Top of Data provided
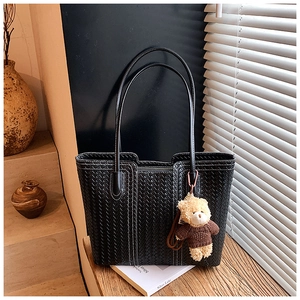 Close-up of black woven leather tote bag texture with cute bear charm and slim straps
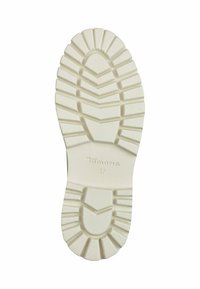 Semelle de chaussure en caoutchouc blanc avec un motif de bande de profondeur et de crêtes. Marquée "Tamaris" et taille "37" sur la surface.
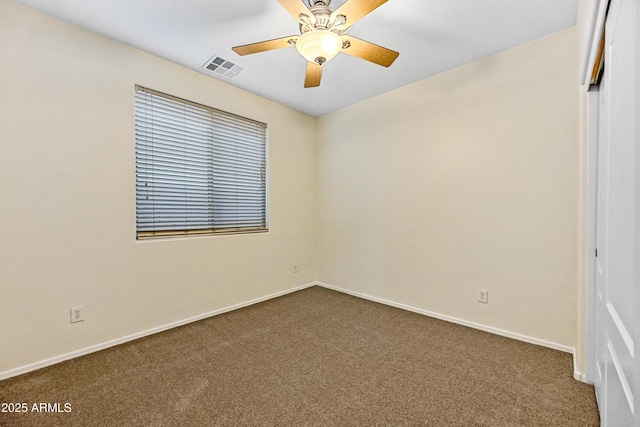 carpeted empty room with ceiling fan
Bottom of Data provided
Top of Data provided
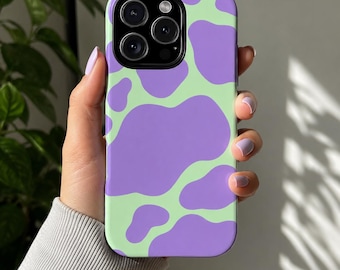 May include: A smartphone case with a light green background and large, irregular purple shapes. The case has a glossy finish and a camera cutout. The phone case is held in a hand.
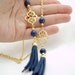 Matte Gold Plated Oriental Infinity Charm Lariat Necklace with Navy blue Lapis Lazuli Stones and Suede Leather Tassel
Bottom of Data provided
● **Work order**
Both the line above containing "Close-up of black" and the line containing "carpeted empty room with ceiling fan" belong in the copy, along with every line between them; print these exactly and omit the pictures.

● **Response to this task**
 Close-up of black woven leather tote bag texture with cute bear charm and slim straps
 Semelle de chaussure en caoutchouc blanc avec un motif de bande de profondeur et de crêtes. Marquée "Tamaris" et taille "37" sur la surface.
 carpeted empty room with ceiling fan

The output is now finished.